● DATA TO EXAMINE:
- Opening Delimiter -

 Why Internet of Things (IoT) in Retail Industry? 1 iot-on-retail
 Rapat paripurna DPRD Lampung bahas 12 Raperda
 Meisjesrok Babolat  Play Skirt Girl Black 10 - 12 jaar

- Closing Delimiter -
- Opening Delimiter -

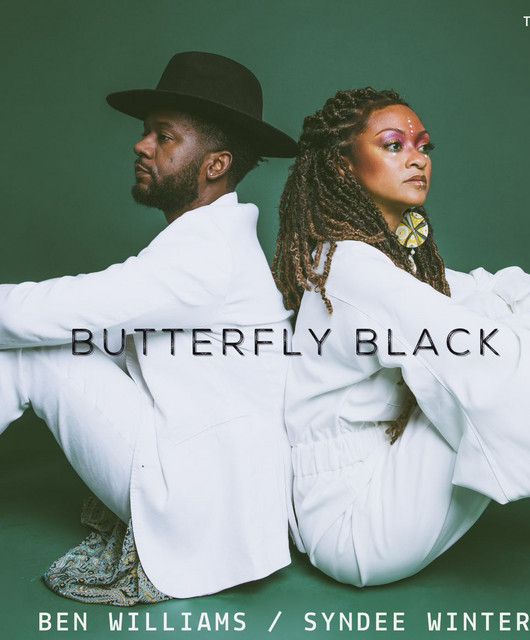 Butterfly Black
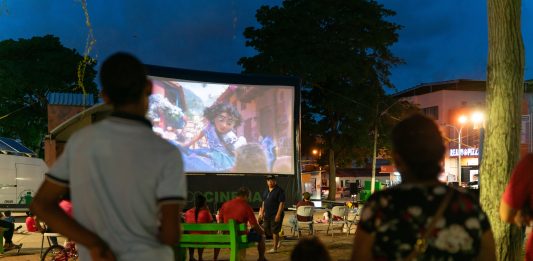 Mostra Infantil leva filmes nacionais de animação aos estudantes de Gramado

- Closing Delimiter -

● AIM OF THE TASK: Start with the line above that contains "Why Internet of" and end with the line that contains "10 - 12 jaar". Write out those lines exactly, and only those.

● SOLUTION FOR THIS TASK:
 Why Internet of Things (IoT) in Retail Industry? 1 iot-on-retail
 Rapat paripurna DPRD Lampung bahas 12 Raperda
 Meisjesrok Babolat  Play Skirt Girl Black 10 - 12 jaar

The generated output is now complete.